2. ^*Department of Dermatology, Royal Victoria Hospital, Belfast, U.K.
3. ^†Department of Dermatology, Craigavon Area Hospital, Craigavon, U.K.
4. ^‡Department of Dermatology, Southern General Hospital, Glasgow, U.K.
5. ^§Division of Molecular Medicine, Belfast City Hospital, Belfast, U.K.
6. ^¶Department of Dermatology and Cutaneous Biology, Jefferson Institute for Molecular Medicine, Thomas Jefferson University, Philadelphia, Pennsylvania, U.S.A.
7. ^**Department of Molecular and Cellular Pathology, Ninewells Medical School, Dundee, U.K.

Correspondence: Dr W.H. Irwin McLean, Department of Molecular and Cellular Pathology, Ninewells Medical School, Dundee DD1 9SY, U.K.
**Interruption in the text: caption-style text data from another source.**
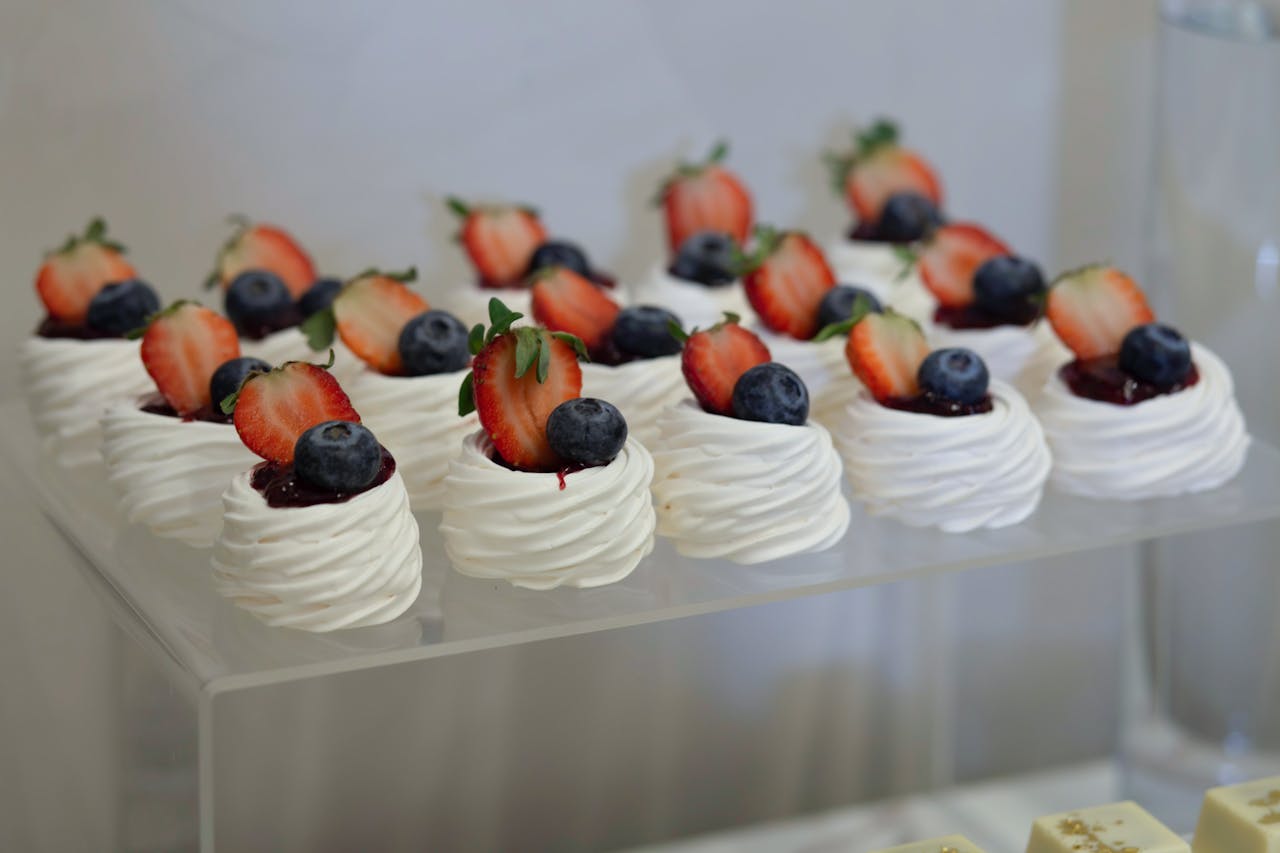 A visually appealing display of mini Pavlovas topped with strawberries and blueberries, perfect for events.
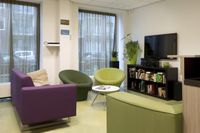 Een kamer met groene banken en stoelen, een tv aan de muur en daaronder een zwarte kast met vakken met boeken.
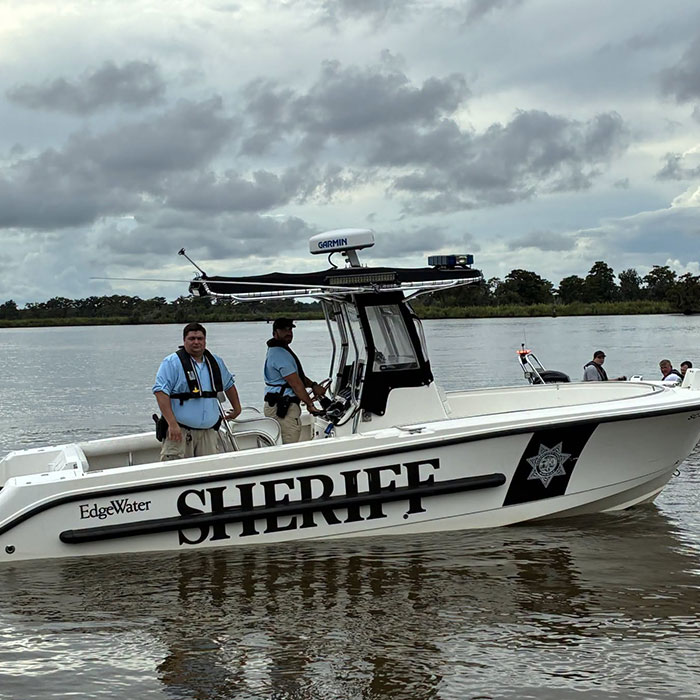 Sheriff officers on a boat, investigating the tragic d***h of Saylor Hayes, with details emerging in the case.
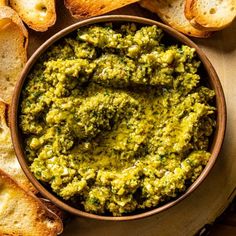 a wooden bowl filled with pesto and bread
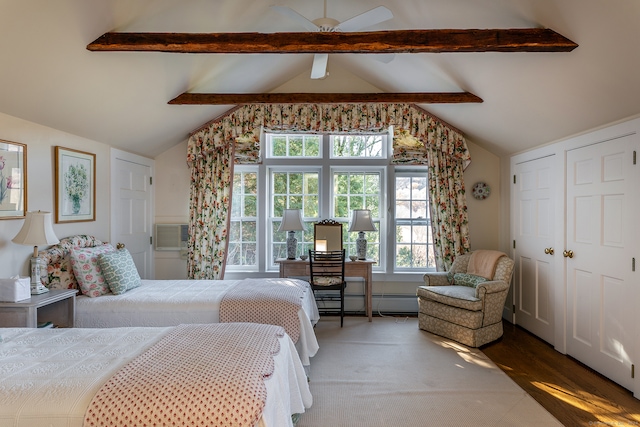 bedroom with vaulted ceiling with beams, ceiling fan, wood-type flooring, and a baseboard heating unit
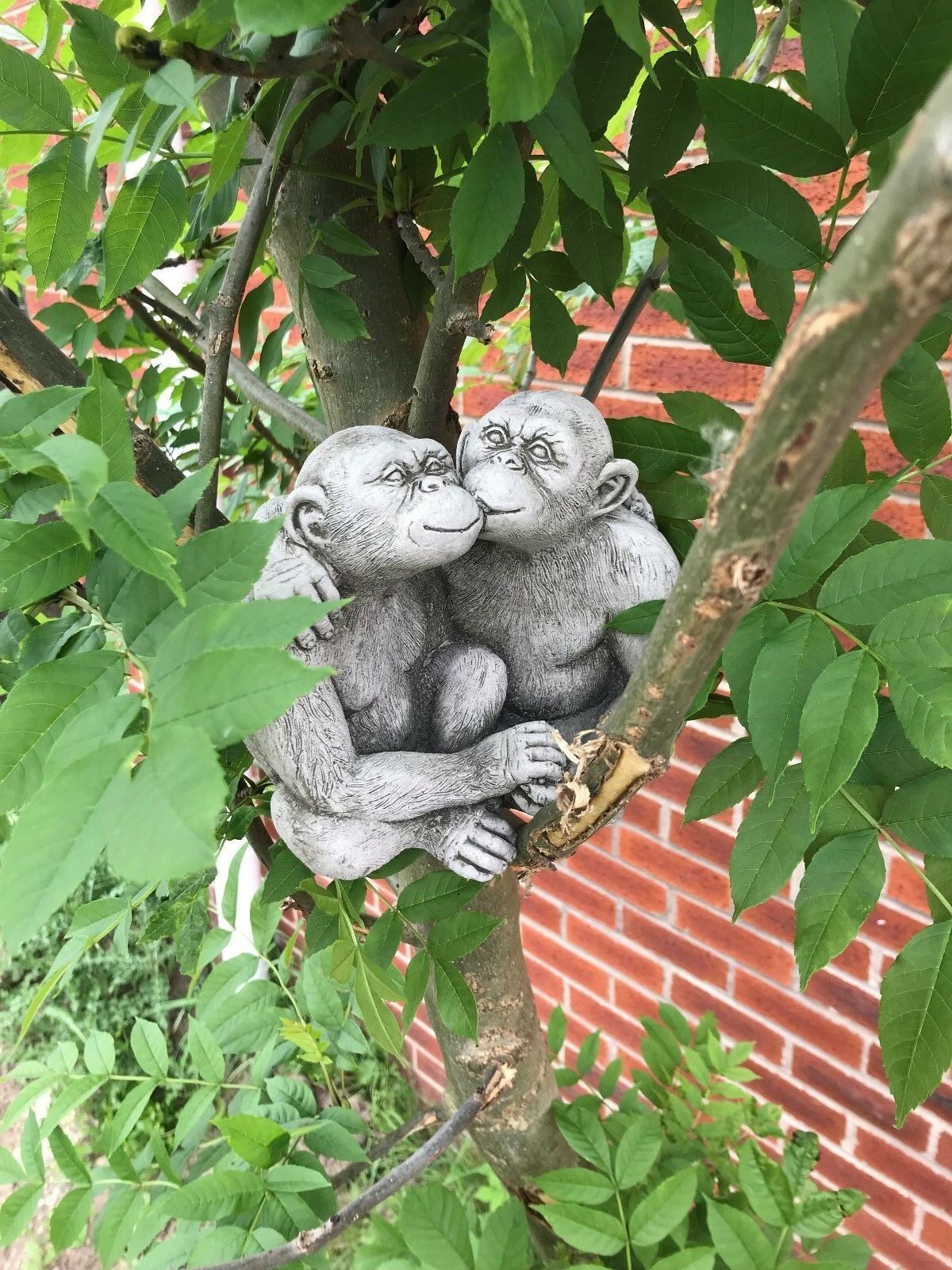 Charming Stone Kissing Monkey Couple nestled in tree branches, ideal for whimsical garden or patio decoration.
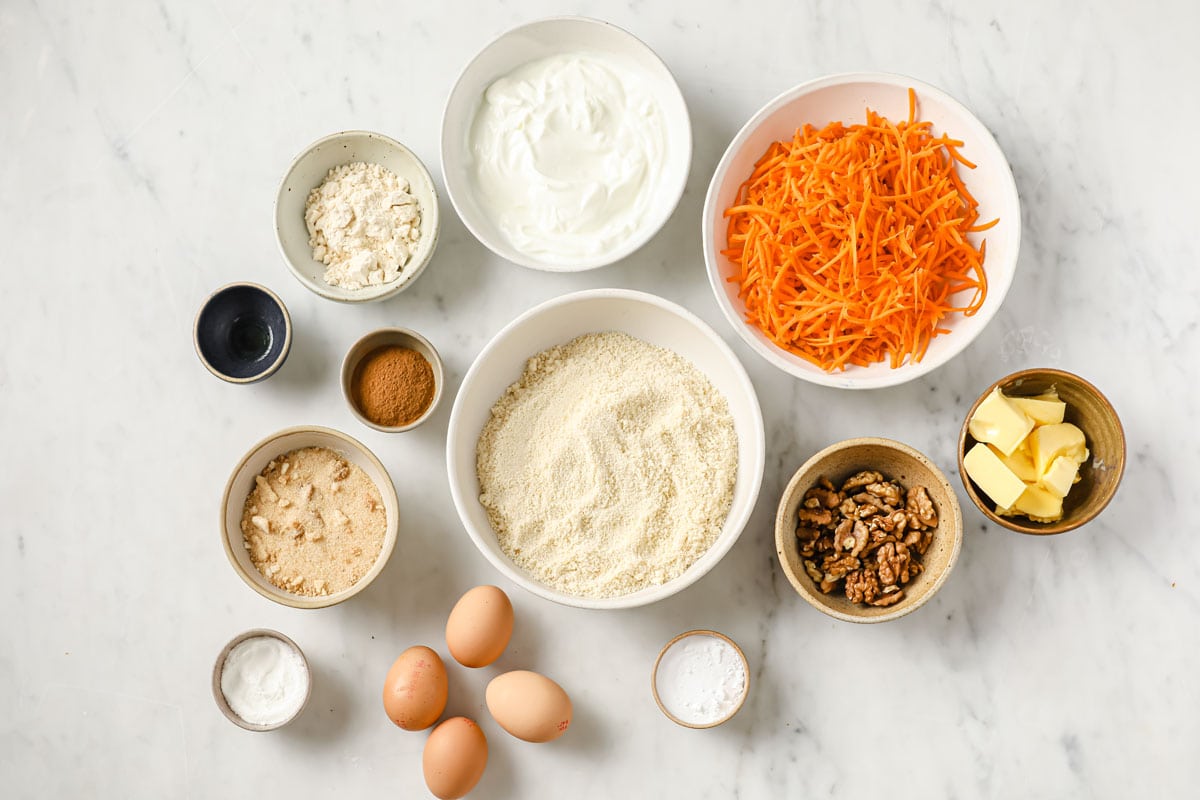 Ingredients for this sugar free carrot cake recipe measured into bowls
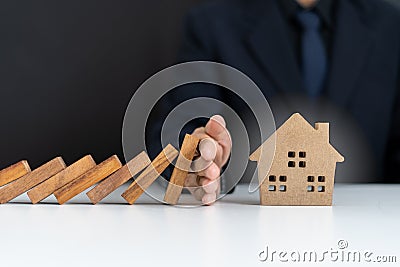 Insurance agents or family leaders are using hands to prevent Dominos from falling into the house. Stock Photo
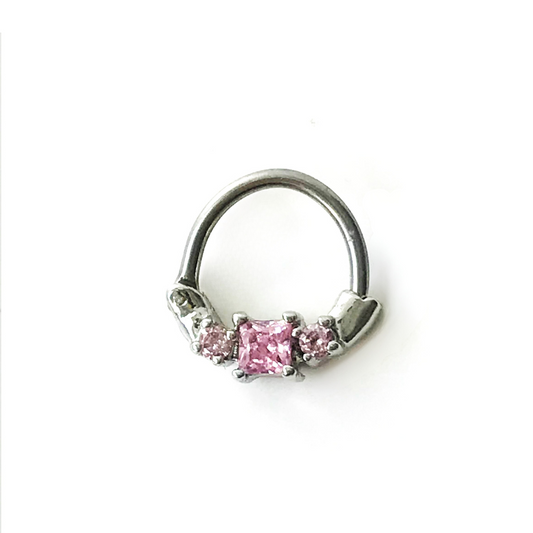 Hinged segment ring with 3 prong set pink cubic zirconia gems. 16 gauge X 8mm. This clicker is on the small side, for a snug fit. This segment ring is great for septum, daith, or other cartilage piercings. Bar is surgical steel, dangle material is plated brass.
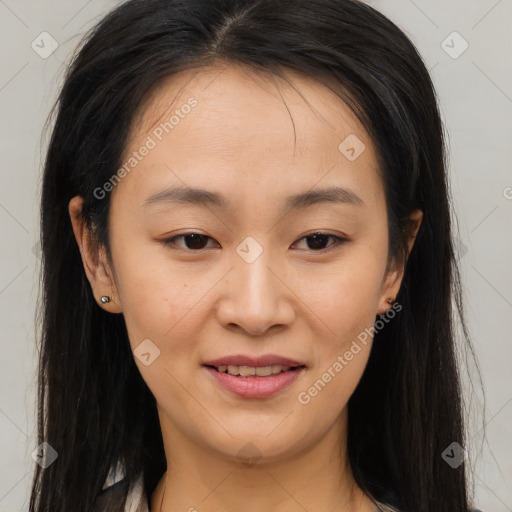 Joyful asian young-adult female with long  brown hair and brown eyes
Received 25 October 1997; Revised 1 July 1998; Accepted 4 July 1998.

Abstract

Epidermolytic palmoplantar keratoderma (EPPK, MIM #144200) is an autosomal dominant disorder in which hyperkeratosis confined to the palms and soles is characterized histologically by cytolysis of suprabasal keratinocytes. Mutations in the keratin 9 gene (KRT9), a type 1 keratin expressed exclusively in the suprabasal keratinocytes of palmoplantar epidermis, have previously been demonstrated in this disorder. Here, we have studied four Northern Irish kindreds presenting with EPPK. By direct sequencing of polymerase chain reaction products, heterozygous missense mutations in exon 1 of KRT9 were detected in all the families. These included a novel mutation M156T; as well as M156V in two kindreds; and R162Q in the remaining family. All mutations were confirmed by reverse strand sequencing and restriction enzyme analysis. The point prevalence of EPPK in Northern Ireland was found to be 4.4 per 100,000. To date, all reported EPPK mutations occur in the helix initiation motif at the start of the central coiled-coil rod domain of K9.